I think I have the same stone (Imanishi 4k) but mine is gray, I believe, and did load up to start with. Once I got it flattened a bit it worked like any other waterstone, makes some mud with use and doesn't load up much. More than a Bester 1200, less than a King 6000 anyway. I also have a no-name 3000 grit stone (bright yellow) that loaded up like crazy, it was hard to use. Wore badly too, which you wouldn't expect with a big black smear on steel on it.

Peter
 
Thanks Peter.

Did I mention I delayed a trip out of town so I could play with the new stone? :wink:

There is a 1 inch wood carving detail knife that has been giving me fits because it is shaped for slicing cuts, is a little thick, with a definite bevel that gets convexed from strops. I have been at loss with it until today; flattened the bevels again on 1k then finished with the I.T. 4k, no strop, and it slices very very well now.
 
Haven't used mine enough to get a feel for how the edges work, but I do suggest you get some smooth, hard wood and use that as a strop for you carving knife -- that way you won't convex the edge, or worse round it over. I've been using a piece of 2x4 for some years how, with green chromium oxide. Works great on woodworking tools.

Which reminds me, I need to sharpen some chisels today.

Peter
 
Got the same stone and have the same problem.

I tried light pressure, heavy pressure, stainless, carbon, aggressive flattening, soaking for 15 mins to days and nothing works.

The only way it works is to use a small dmt xxc stone to constantly unload it. (every 10 strokes around)

If anyone knows the correct way to use this stone please advice. Constantly having to unload it is annoying.
 
Same here with my 2 Imanishis (4k and 8k). After finishing the sharpening I use the Chosera nagura to unload them. They work great :knife:
 
Does the loading up make the stone not work correctly?

I ask because lots of stones load up yet still work fine.

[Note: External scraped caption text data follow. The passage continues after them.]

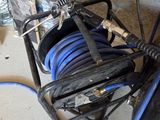 a hose that is connected to a blue hose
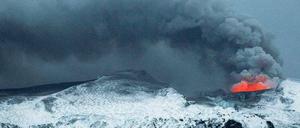 Er raucht noch immer, der Vulkan Eyjafjöll. Doch seit Donnerstag läuft der Flugverkehr wieder planmäßig. Wegen der Aschewolke war der Luftraum tagelang gesperrt. Foto: Reuters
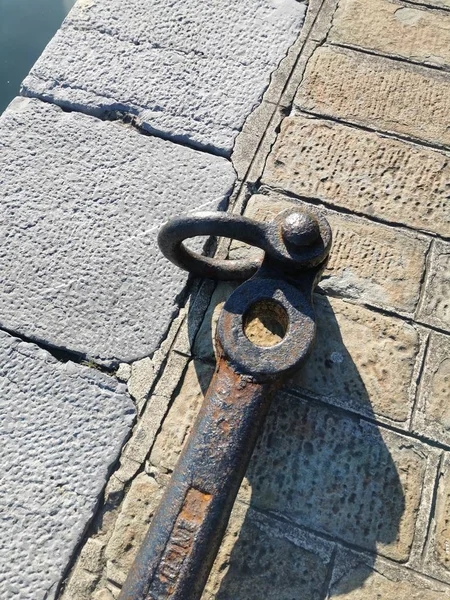 Ancre du bateau sur le quai du port de la spezia — Photo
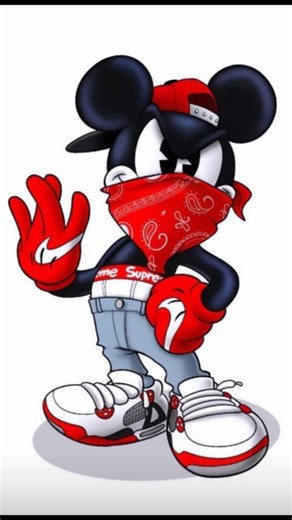 mickey_mouse.🕸️ Reels on Instagram: "Follow for more❤ 🇯🇵 当达到这种速度时，已经不再是地面移动，而是以音速前进 🚀🌍 这段模拟展示了如果以 马赫 1（约 1330 公里/小时）的速度乘坐超音速列车穿越日本，会是一种怎样的体验。 目前，日本最快的列车运行速度约为 320 公里/小时，而在如超高速 磁悬浮列车 等先进实验平台上，在受控环境中已经实现了 超过 600 公里/小时 的速度。这一模拟远远超出了现有水平，探索当现代铁路概念进化为真正的超高速系统时，未来将具备怎样的可能性。 要达到这样的速度，仅靠动力是远远不够的。工程师们正在研究 磁悬浮技术、几乎零摩擦的导轨，以及 真空或低压管道系统，以消除超高速运行中最大的限制因素——空气阻力。在马赫级别的速度下，哪怕是微小的空气扰动，也会成为严峻的结构性挑战。 因此，未来的超音速铁路构想将依赖于 高精度导向系统、AI 控制的稳定技术，以及在 数百公里范围内以毫米级误差建造的基础设施。 一旦实现，如今需要数小时的行程将被缩短到几分钟，这可能从根本上改变 通勤方式、区域经济，以及 大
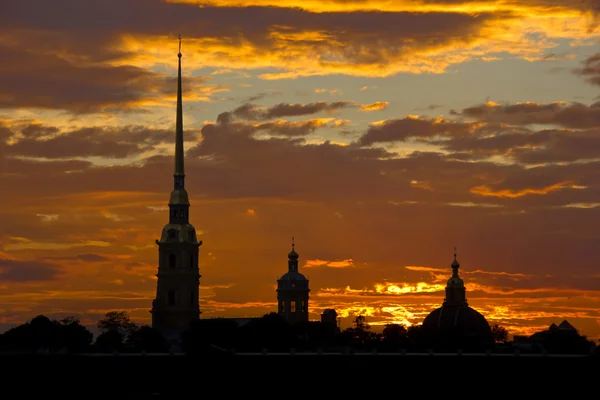 Zachód słońca w Sankt Petersburgu — Zdjęcie stockowe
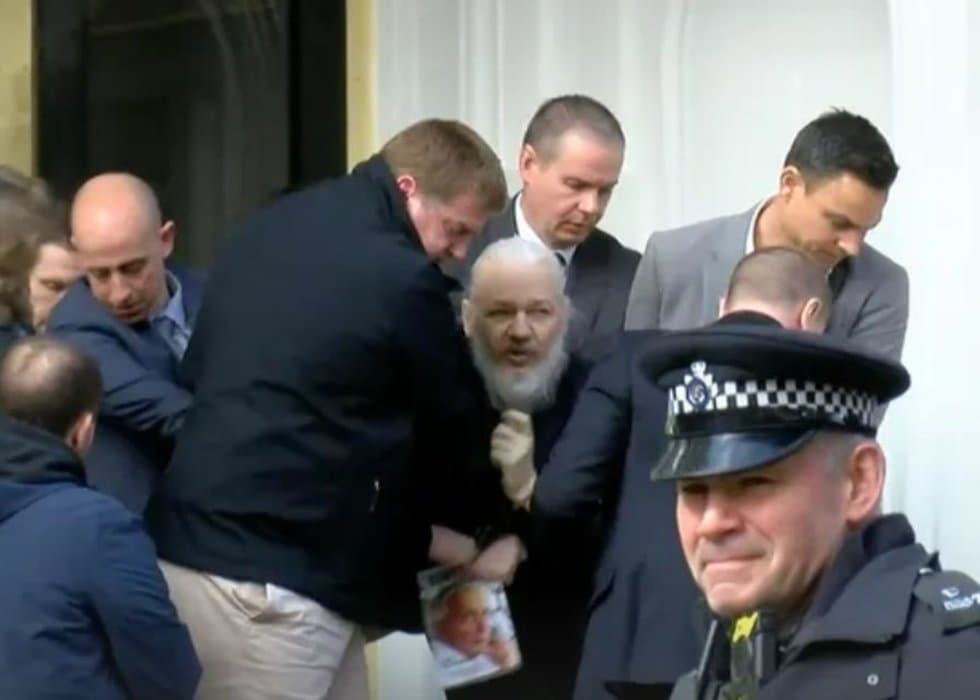 Arresta policía británica a Julian Assange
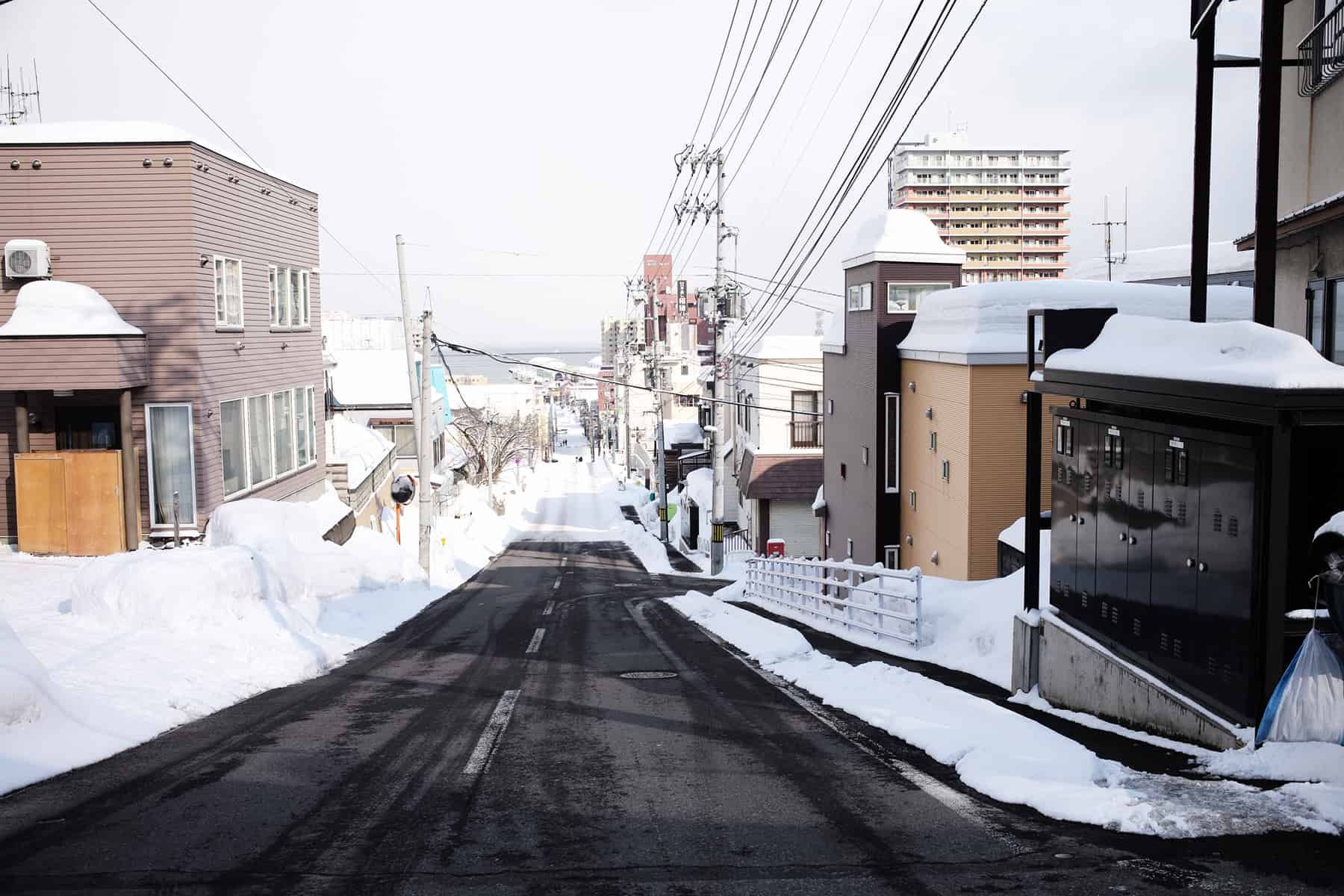 雪が積もった風景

It's a non-issue for me in almost all cases.
 
Does the loading up make the stone not work correctly?

I ask because lots of stones load up yet still work fine. It's a non-issue for me in almost all cases.


If I let it load more that what my picture shows the stone feels different, it will have spots that my knives do not move across with the same amount of friction. I did find if I get some mud on it (via rubbing a 220 Shapton across it a little) the Imanishi will stay cleaner. But that makes it harder for me to visually see when the blade edge just meets the stone as I try to keep the angle consistent.

Solidsnake wrote back to me also saying less pressure just works better - less wear and loading. I'm used to a Shapton 220 glass and Chosera which seem very hard in comparison.
 
I have read reports that indicate the presence of some lacquer like material on the surface of the stone as delivered, and you must remove that material before it behaves properly. Don't know if this is true, but a good flattening should give you a representative surface.

Takenoko and Kitayama stones appear waxy on the surface as shipped, must be binder on the surface coating the grit. Both worked much better after I abraded the surface.

Mine is mounted, appears normal to me.

Peter
 
Yeah you definitely have to lap stones when they're new.

Pressure can make a difference in stone's loading and cut rates. Some people find light pressure works best while others use a lot of pressure. I'm of the more pressure camp myself, just because some stones seem to need downward pressure to force water out of the stone under the edge for lubrication....Beston 500x is a good example of this. I'm in no way saying that a lot of pressure is going to keep stones free of loading up because I don't believe that, just that it sometimes helps....it can also make it worse too. :D

There's just too many variables to consider to give accurate advice here.
 
Yeah you definitely have to lap stones when they're new.
....
There's just too many variables to consider to give accurate advice here.

Well, I am getting good advice because we are considering the variables. As it turns out there's almost nothing I do (non-professional) where data is not subjective. What fun would it be if there was always one right answer anyway?

After my last post I worked over a 440c-class scandi type bevel. With this steel almost no pressure and keeping the stone very wet gave completely different results. What appeared to be loading just wiped away with my fingers and the finish is much nicer. Didn't take any longer that before when I was using some pressure.

Oh ya, and no gouges in the stone this time. :D

Mabey Solidsnake could jump in and give some idea if he took enough off the surface so I am working with the abrasive and binder and not fighting lacquer. I would have no idea how deep lacquer would go into a stone.
 
I find my bester likes more pressure than my king. I go light on the polishing stones always, find it's pretty rare that they ever load up.

I noticed that LV lists bester/imanishi stones together, not sure if they're really from the same maker.
 
Japanese names can be very confusing, but I think Imanishi is the actual maker of all the stones in that group. They are sold under different names (Beston, Bester, Inamishi, and probably others).

I could easily be wrong though.

I find that less pressure is better in almost all cases, particularly coarse stones. They don't cut any faster, but they dish like mad if you push hard. Might not work that way with anyone else, but coming from Arkansas stones, the pressure needed for waterstones is very light.

Peter
 
Success last night with a 1 inch carving knife which still was not cutting easily. I focused on minimal pressure, letting the stone do the work. Duh.

I doubt that I would have appreciated waterstones had I not tried just about every new and improved method first, including guided sharpeners, cheap stones, sandpaper/glass, whetstones and even one time a costly countertop kitchen knife grinder.

Nothing compares with the control, speed, and ease of waterstones. Too bad though for all the time and money wasted with inferior tools.

Thanks for the help!
 
Sounds like you got it Gene!

Regarding taking material off the top, I rounded the edges and took off maybe 1mm in height from the top then sharpened a few knives on it but that's about all. Taking that first 1mm off should have been enough to remove anything on it

Anyhow, yeah with this stone I really found a more gentle touch to me best :)
 
Some of us learn fast and some of us learn more slowly -- just the way it is.

Waterstones are great, but you do have to adjust to them, and if you started on Arkansas stones as many people my age did, it's quite a bit different. You have to PUSH to get fine Arkansas to cut high hardness steel. Do that on waterstones and you will wear them very fast!